As I come to life after a restless night’s sleep, my therapist’s voice rings in my head along with my son’s cries through the baby monitor. “Every morning, write down five things you’re grateful for,” she would say. Hurriedly, I sit on the edge of my bed and grab the pink spiral-bound notebook she forced on me a month ago. Unlike my mother, I loathe writing in journals or anything else for that matter. I open to yesterday’s page.

1) My health

2) My boys

3) Our home

4) My mom

5) That revenge is possible

I grab a pen and try to write quickly before Luke wakes Jimmy and Ryan, and I have three cranky kids on my hands.

1) My health

2) My boys

3) Our home

4) My mom

5) That revenge is possible

Luke gets quiet as soon as I enter his room. The lights are dim, and he’s standing clutching the bars of the crib, his hair a sweaty mop of sticky golden locks. The room smells of lavender and poop.

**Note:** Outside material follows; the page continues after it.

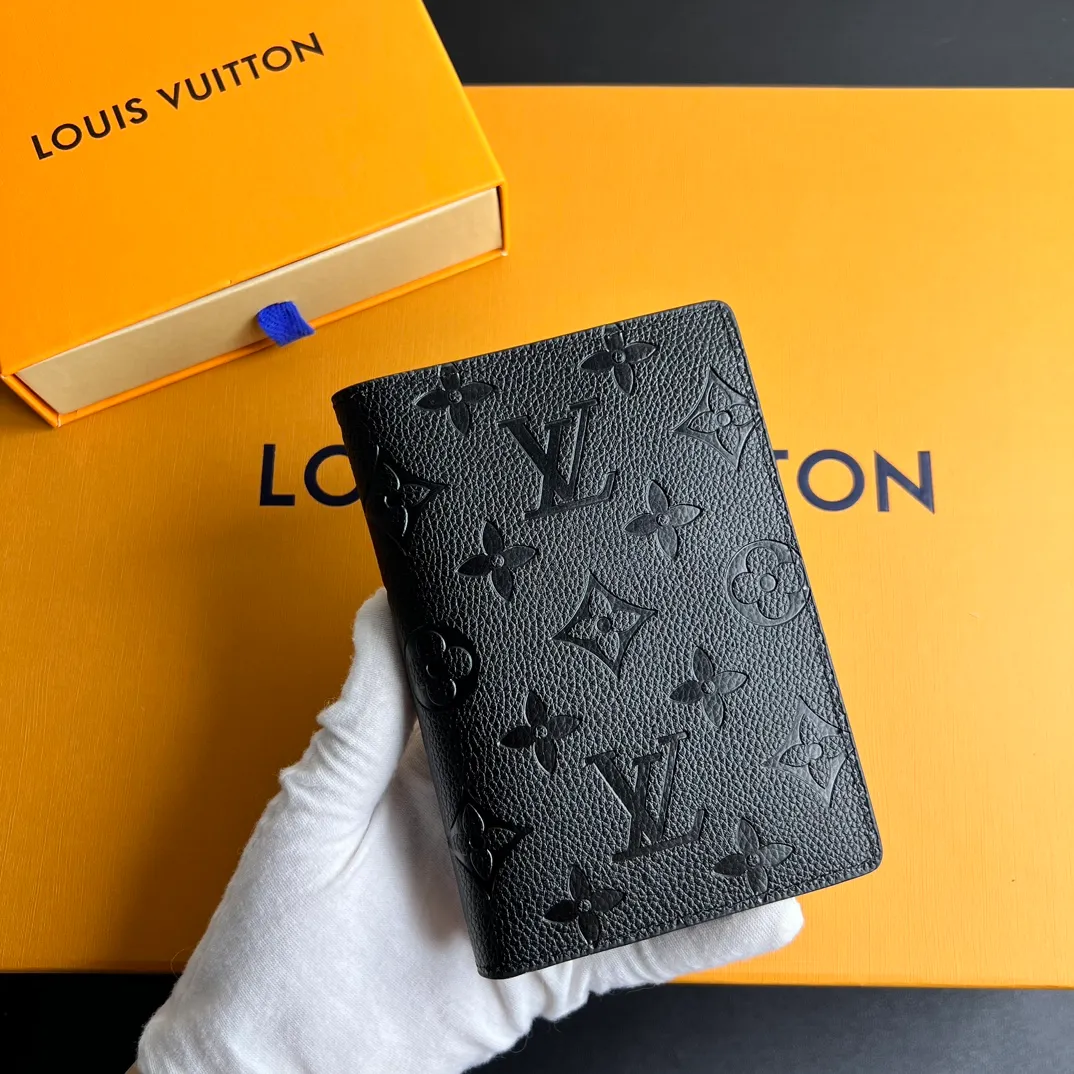 💰100 💎Upgraded original version🇫🇷 Exclusive real shot# Passport bag 💎 This Monogram canvas travel document holder can not only hold the passport, but also can hold three credit cards or business cards. Model: M60181 diamond pattern embossed Size: 10x 14 cm (length x height)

“Hi, sweet boy,” I whisper, and lift him out, kissing his cheeks. “Momma’s here.” He buries his face in my shoulder as I carry him to the changing table. I lay him down and reach for a clean diaper as he eagerly begins chewing his foot. Once he’s in a fresh pair of footie pajamas, I carry him downstairs to the kitchen, latching the child gate behind me at the top of the stairs. Our home is nestled on a cul-de-sac in Wilmette, a suburb about fifteen miles north of downtown Chicago. When I was pregnant with Ryan, we had an apartment in the city, and we’d drive up every Sunday for months, going to open houses and looking for the perfect home. I cried tears of joy when we found this one, a yellow Cape Cod with a cedar shake roof and a covered wraparound porch, two weeks before my water broke.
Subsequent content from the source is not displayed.